Desde mi perspectiva, la respuesta debe ser un NO categórico. Ello, puramente por argumentos de razón. Si usted y yo tenemos en común una misma composición cromosómica y, por tanto, calificamos ambos como seres humanos, ambos somos —de acuerdo con el artículo 1.2 de la Convención—, personas y, por tanto, sujetos de derechos. No existe razón alguna para estimar que su vida vale más que la mía y, en definitiva, no es posible discriminar entre usted y yo en relación con los estándares de protección de la vida.
Repitamos ahora el ejercicio en relación con aquellos miembros de la especie humana que aún no salen del vientre materno. Usted y ese no-nacido, a pesar de las diferencias en su desarrollo físico, comparten una misma identidad biológica: ambos son miembros de la especie humana y, por tanto, de cara a la Convención Americana, son igualmente personas. En otras palabras, en cuanto humanos, usted y ese no-nacido tienen el mismo derecho a que su vida sea respetada por actores públicos o privados. Luego, no resultaría razonable introducir una discriminación en perjuicio de la vida de aquel no-nacido.
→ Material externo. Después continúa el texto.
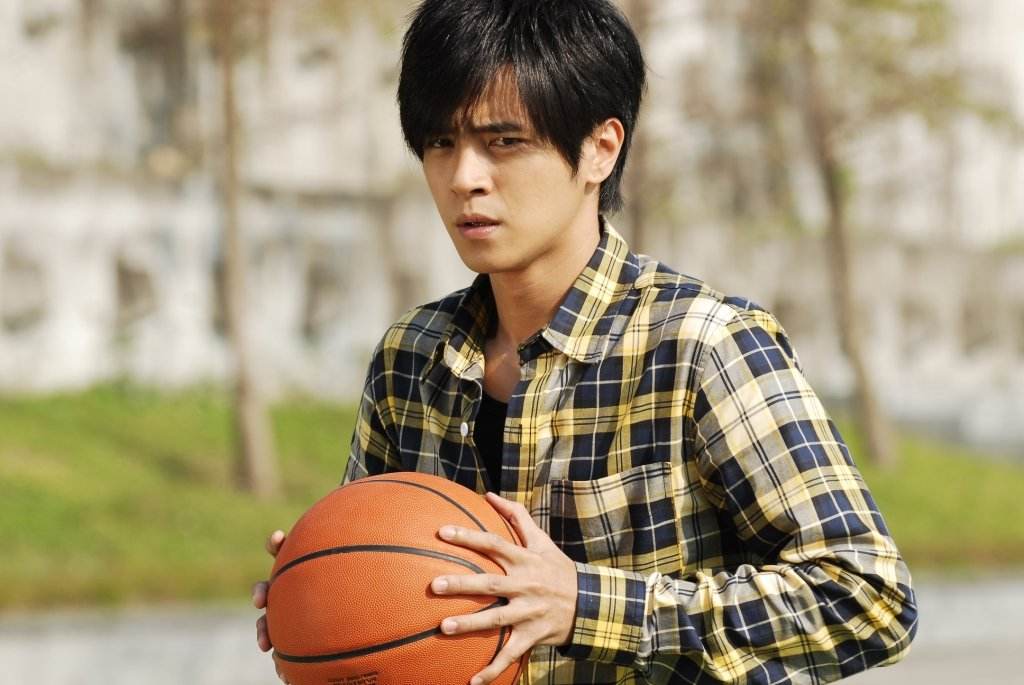 罗志祥节目提到周扬青后反应,罗志祥回应周扬青唱歌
Esta lógica está del todo recogida en la Convención Americana sobre Derechos Humanos. De acuerdo con el artículo 1.2 del tratado, todo ser humano es persona. El texto no deja lugar a dudas. Independientemente de su origen, sexo, raza, condición social, salud, o estado de desarrollo físico, si su identidad genética responde a la de un ser humano, usted es persona y, por tanto, el derecho está llamado a proteger su vida. Bajo la Convención Americana, ninguna autoridad ejecutiva, legislativa o judicial puede atribuirse facultades para introducir discriminaciones entre seres humanos y concluir que existen ciertas categorías de seres humanos cuya humanidad no vale la pena proteger. Y si alguna decisión de esa naturaleza es adoptada por alguno de los poderes señalados, no cabe a los incumbentes sino utilizar todos aquellos mecanismos que el derecho provee para poner término a esa injusticia lo antes posible.
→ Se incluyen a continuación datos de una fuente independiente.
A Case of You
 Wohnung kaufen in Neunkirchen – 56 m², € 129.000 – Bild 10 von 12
La inclusión del artículo 1.2 en el texto de la Convención Americana fue una decisión muy sabia. Tan sólo veinte o treinta años antes de la elaboración de su texto, el nacionalsocialismo postuló que existían seres humanos que, por pertenecer a una cierta categoría étnica no eran personas —o eran menos personas— y, por tanto, el poder político podía disponer de las mismas según le pareciere. Eso permitió cometer crímenes abominables. Nuestro continente debe aprender de los errores del pasado. Todos los seres humanos, cualesquiera sean nuestras diferencias accidentales, somos personas y, por tanto, la vida de todos vale lo mismo, desde la concepción (como lo señala inequívocamente el artículo 4° de la Convención) hasta la muerte natural.
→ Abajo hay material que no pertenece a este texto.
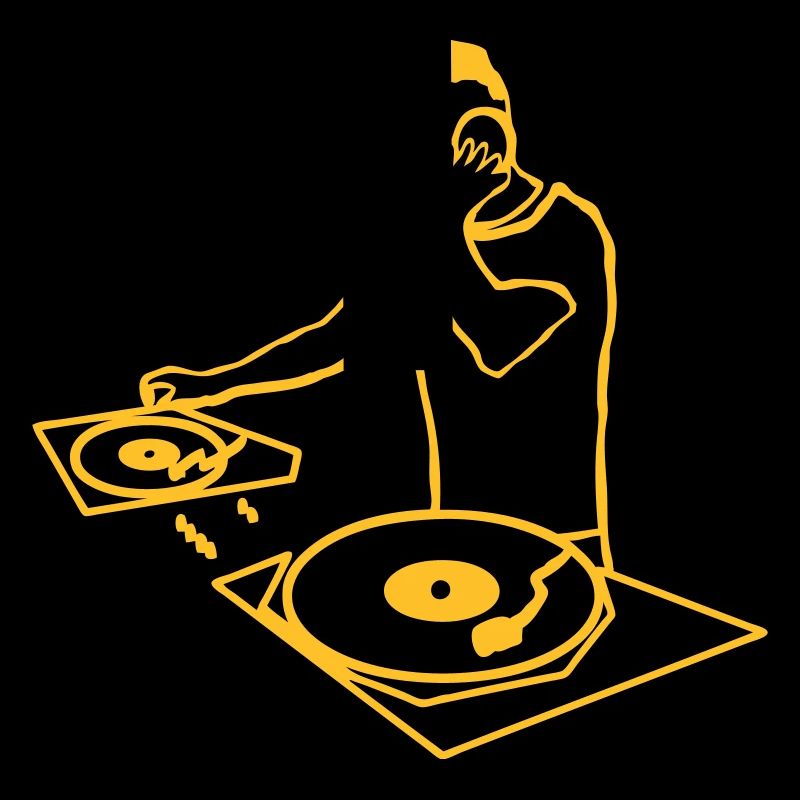 dj_2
Como jurista, constitucionalista, actualmente miembro de la Comisión Interamericana de Derechos Humanos y, simplemente, como ser humano, espero que la fuerza renovadora de la promoción del principio de no-discriminación, que ha surgido desde hace un tiempo en nuestra región suponga, más temprano que tarde, reflexionar con seriedad acerca de cuáles son las exigencias, que la no-discriminación plantea de cara al derecho a la vida y, de esa forma, a través de un diálogo racional, abierto, e inclusivo, progresivamente se modifiquen todas aquellas decisiones de los poderes públicos, que arbitrariamente han establecido distinciones allí, donde nuestra común humanidad no permite diferenciar.
Muchas gracias.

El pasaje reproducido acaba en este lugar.